| Activity |
Look below for the line containing "Olio Motore Set". Write out that line and the rest through the last one, exactly as they appear, but without pictures.

Brief descriptive captions:
=== Section Start ===
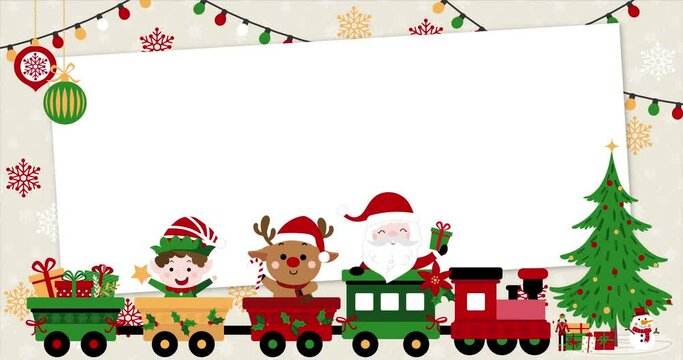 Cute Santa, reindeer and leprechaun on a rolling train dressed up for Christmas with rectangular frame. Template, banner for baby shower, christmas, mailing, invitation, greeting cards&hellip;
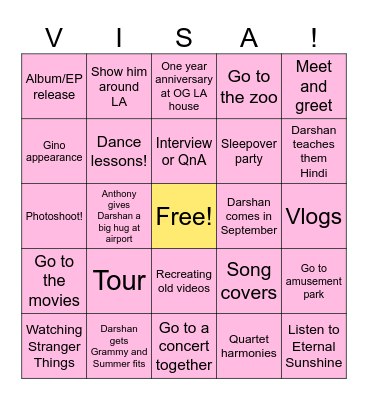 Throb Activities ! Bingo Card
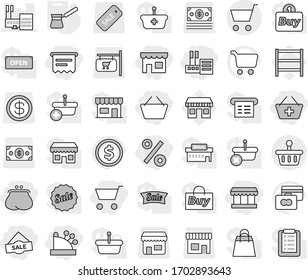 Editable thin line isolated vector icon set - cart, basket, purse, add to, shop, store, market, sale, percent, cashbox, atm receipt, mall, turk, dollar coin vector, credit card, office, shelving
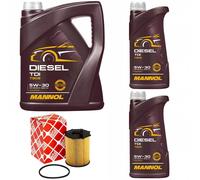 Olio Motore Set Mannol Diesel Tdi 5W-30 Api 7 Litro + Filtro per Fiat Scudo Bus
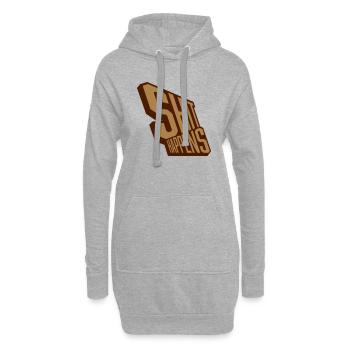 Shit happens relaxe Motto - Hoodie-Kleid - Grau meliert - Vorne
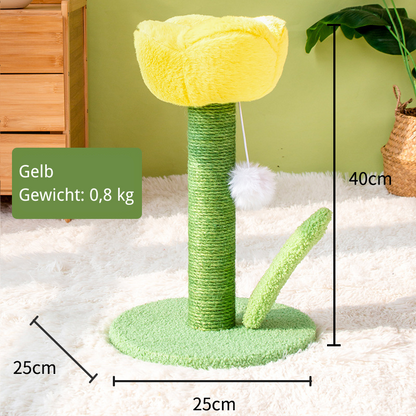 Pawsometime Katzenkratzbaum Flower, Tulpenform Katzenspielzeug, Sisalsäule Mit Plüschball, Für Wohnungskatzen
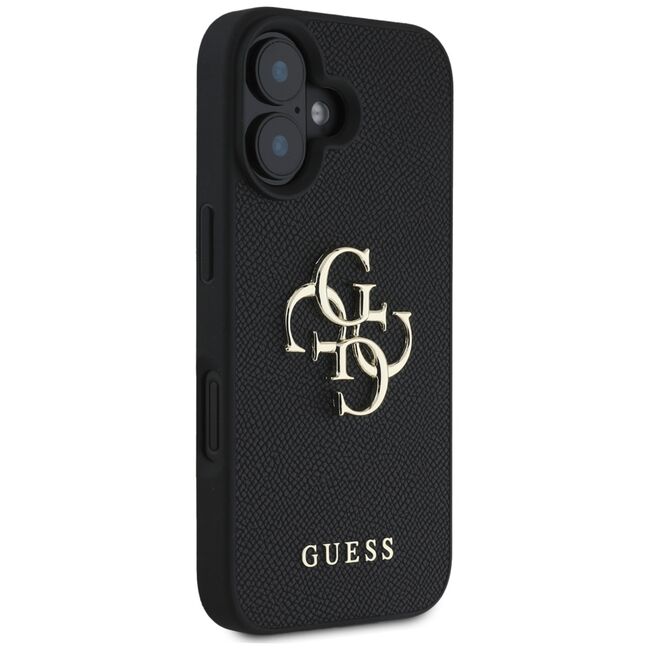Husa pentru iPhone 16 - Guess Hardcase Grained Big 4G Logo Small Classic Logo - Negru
=== Section End ===
| Answer space |
 Olio Motore Set Mannol Diesel Tdi 5W-30 Api 7 Litro + Filtro per Fiat Scudo Bus
 Shit happens relaxe Motto - Hoodie-Kleid - Grau meliert - Vorne
 Pawsometime Katzenkratzbaum Flower, Tulpenform Katzenspielzeug, Sisalsäule Mit Plüschball, Für Wohnungskatzen
Husa pentru iPhone 16 - Guess Hardcase Grained Big 4G Logo Small Classic Logo - Negru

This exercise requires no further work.